Aim of the exercise
Every entry must be transcribed exactly as written.

Stored items

- Opening Delimiter -

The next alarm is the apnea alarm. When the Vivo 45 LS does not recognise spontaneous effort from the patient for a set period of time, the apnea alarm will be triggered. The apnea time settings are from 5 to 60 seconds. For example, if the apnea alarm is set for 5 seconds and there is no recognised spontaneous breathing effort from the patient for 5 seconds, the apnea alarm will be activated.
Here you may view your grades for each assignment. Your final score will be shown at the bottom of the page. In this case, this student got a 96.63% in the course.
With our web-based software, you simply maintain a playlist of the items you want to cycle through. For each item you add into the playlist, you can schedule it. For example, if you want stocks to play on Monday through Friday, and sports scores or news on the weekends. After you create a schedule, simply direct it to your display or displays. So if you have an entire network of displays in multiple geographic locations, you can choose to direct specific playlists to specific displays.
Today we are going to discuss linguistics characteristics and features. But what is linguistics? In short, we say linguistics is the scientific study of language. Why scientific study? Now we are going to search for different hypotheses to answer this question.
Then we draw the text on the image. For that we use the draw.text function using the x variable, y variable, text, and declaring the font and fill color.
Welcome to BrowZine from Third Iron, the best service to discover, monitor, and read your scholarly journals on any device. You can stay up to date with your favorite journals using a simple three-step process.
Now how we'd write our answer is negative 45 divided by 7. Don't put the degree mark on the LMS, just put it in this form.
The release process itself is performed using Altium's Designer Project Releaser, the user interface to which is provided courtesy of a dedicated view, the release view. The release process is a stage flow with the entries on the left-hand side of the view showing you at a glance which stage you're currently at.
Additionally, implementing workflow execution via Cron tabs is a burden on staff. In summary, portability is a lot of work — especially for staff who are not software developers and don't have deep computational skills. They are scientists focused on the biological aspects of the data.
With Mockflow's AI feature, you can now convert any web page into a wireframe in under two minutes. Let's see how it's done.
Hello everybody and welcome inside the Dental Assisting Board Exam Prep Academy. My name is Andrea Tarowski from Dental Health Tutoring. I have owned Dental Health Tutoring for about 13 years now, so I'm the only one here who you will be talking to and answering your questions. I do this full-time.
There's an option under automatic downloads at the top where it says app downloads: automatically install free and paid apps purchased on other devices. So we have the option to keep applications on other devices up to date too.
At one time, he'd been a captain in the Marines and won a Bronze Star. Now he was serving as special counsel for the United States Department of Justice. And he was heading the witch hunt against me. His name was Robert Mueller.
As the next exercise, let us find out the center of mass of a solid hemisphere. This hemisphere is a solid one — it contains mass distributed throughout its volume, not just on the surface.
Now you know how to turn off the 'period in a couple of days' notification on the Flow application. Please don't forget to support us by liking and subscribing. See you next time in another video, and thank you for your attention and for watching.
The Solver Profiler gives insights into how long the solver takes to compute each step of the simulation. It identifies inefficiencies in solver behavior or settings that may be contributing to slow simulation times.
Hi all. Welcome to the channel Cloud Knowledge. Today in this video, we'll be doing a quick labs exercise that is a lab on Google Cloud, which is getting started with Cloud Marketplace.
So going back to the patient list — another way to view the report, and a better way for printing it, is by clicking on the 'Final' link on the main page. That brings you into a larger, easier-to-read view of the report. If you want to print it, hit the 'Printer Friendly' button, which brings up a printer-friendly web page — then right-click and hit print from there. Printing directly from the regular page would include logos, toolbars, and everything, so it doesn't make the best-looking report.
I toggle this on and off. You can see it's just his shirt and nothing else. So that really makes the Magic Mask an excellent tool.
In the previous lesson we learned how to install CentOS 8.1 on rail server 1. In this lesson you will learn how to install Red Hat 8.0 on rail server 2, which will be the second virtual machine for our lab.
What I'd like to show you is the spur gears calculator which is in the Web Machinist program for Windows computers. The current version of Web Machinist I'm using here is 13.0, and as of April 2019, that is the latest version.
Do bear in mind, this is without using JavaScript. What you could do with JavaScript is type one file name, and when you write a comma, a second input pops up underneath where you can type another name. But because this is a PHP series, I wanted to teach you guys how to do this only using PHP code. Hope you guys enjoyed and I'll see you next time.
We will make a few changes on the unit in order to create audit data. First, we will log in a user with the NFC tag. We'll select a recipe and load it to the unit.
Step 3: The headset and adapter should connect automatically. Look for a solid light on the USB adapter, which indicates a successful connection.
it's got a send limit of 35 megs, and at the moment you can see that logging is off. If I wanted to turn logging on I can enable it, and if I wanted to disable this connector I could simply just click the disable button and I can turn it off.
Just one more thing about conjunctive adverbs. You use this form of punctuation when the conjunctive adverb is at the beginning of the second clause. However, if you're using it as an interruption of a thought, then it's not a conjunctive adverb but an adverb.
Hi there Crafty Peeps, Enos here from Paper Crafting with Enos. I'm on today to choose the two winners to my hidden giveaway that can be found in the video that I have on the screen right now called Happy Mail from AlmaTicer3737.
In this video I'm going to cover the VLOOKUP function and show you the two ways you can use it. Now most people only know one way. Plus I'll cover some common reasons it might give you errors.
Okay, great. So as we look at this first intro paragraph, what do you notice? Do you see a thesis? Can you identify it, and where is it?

- Closing Delimiter -

Answer section
The next alarm is the apnea alarm. When the Vivo 45 LS does not recognise spontaneous effort from the patient for a set period of time, the apnea alarm will be triggered. The apnea time settings are from 5 to 60 seconds. For example, if the apnea alarm is set for 5 seconds and there is no recognised spontaneous breathing effort from the patient for 5 seconds, the apnea alarm will be activated.
Here you may view your grades for each assignment. Your final score will be shown at the bottom of the page. In this case, this student got a 96.63% in the course.
With our web-based software, you simply maintain a playlist of the items you want to cycle through. For each item you add into the playlist, you can schedule it. For example, if you want stocks to play on Monday through Friday, and sports scores or news on the weekends. After you create a schedule, simply direct it to your display or displays. So if you have an entire network of displays in multiple geographic locations, you can choose to direct specific playlists to specific displays.
Today we are going to discuss linguistics characteristics and features. But what is linguistics? In short, we say linguistics is the scientific study of language. Why scientific study? Now we are going to search for different hypotheses to answer this question.
Then we draw the text on the image. For that we use the draw.text function using the x variable, y variable, text, and declaring the font and fill color.
Welcome to BrowZine from Third Iron, the best service to discover, monitor, and read your scholarly journals on any device. You can stay up to date with your favorite journals using a simple three-step process.
Now how we'd write our answer is negative 45 divided by 7. Don't put the degree mark on the LMS, just put it in this form.
The release process itself is performed using Altium's Designer Project Releaser, the user interface to which is provided courtesy of a dedicated view, the release view. The release process is a stage flow with the entries on the left-hand side of the view showing you at a glance which stage you're currently at.
Additionally, implementing workflow execution via Cron tabs is a burden on staff. In summary, portability is a lot of work — especially for staff who are not software developers and don't have deep computational skills. They are scientists focused on the biological aspects of the data.
With Mockflow's AI feature, you can now convert any web page into a wireframe in under two minutes. Let's see how it's done.
Hello everybody and welcome inside the Dental Assisting Board Exam Prep Academy. My name is Andrea Tarowski from Dental Health Tutoring. I have owned Dental Health Tutoring for about 13 years now, so I'm the only one here who you will be talking to and answering your questions. I do this full-time.
There's an option under automatic downloads at the top where it says app downloads: automatically install free and paid apps purchased on other devices. So we have the option to keep applications on other devices up to date too.
At one time, he'd been a captain in the Marines and won a Bronze Star. Now he was serving as special counsel for the United States Department of Justice. And he was heading the witch hunt against me. His name was Robert Mueller.
As the next exercise, let us find out the center of mass of a solid hemisphere. This hemisphere is a solid one — it contains mass distributed throughout its volume, not just on the surface.
Now you know how to turn off the 'period in a couple of days' notification on the Flow application. Please don't forget to support us by liking and subscribing. See you next time in another video, and thank you for your attention and for watching.
The Solver Profiler gives insights into how long the solver takes to compute each step of the simulation. It identifies inefficiencies in solver behavior or settings that may be contributing to slow simulation times.
Hi all. Welcome to the channel Cloud Knowledge. Today in this video, we'll be doing a quick labs exercise that is a lab on Google Cloud, which is getting started with Cloud Marketplace.
So going back to the patient list — another way to view the report, and a better way for printing it, is by clicking on the 'Final' link on the main page. That brings you into a larger, easier-to-read view of the report. If you want to print it, hit the 'Printer Friendly' button, which brings up a printer-friendly web page — then right-click and hit print from there. Printing directly from the regular page would include logos, toolbars, and everything, so it doesn't make the best-looking report.
I toggle this on and off. You can see it's just his shirt and nothing else. So that really makes the Magic Mask an excellent tool.
In the previous lesson we learned how to install CentOS 8.1 on rail server 1. In this lesson you will learn how to install Red Hat 8.0 on rail server 2, which will be the second virtual machine for our lab.
What I'd like to show you is the spur gears calculator which is in the Web Machinist program for Windows computers. The current version of Web Machinist I'm using here is 13.0, and as of April 2019, that is the latest version.
Do bear in mind, this is without using JavaScript. What you could do with JavaScript is type one file name, and when you write a comma, a second input pops up underneath where you can type another name. But because this is a PHP series, I wanted to teach you guys how to do this only using PHP code. Hope you guys enjoyed and I'll see you next time.
We will make a few changes on the unit in order to create audit data. First, we will log in a user with the NFC tag. We'll select a recipe and load it to the unit.
Step 3: The headset and adapter should connect automatically. Look for a solid light on the USB adapter, which indicates a successful connection.
it's got a send limit of 35 megs, and at the moment you can see that logging is off. If I wanted to turn logging on I can enable it, and if I wanted to disable this connector I could simply just click the disable button and I can turn it off.
Just one more thing about conjunctive adverbs. You use this form of punctuation when the conjunctive adverb is at the beginning of the second clause. However, if you're using it as an interruption of a thought, then it's not a conjunctive adverb but an adverb.
Hi there Crafty Peeps, Enos here from Paper Crafting with Enos. I'm on today to choose the two winners to my hidden giveaway that can be found in the video that I have on the screen right now called Happy Mail from AlmaTicer3737.
In this video I'm going to cover the VLOOKUP function and show you the two ways you can use it. Now most people only know one way. Plus I'll cover some common reasons it might give you errors.
Okay, great. So as we look at this first intro paragraph, what do you notice? Do you see a thesis? Can you identify it, and where is it?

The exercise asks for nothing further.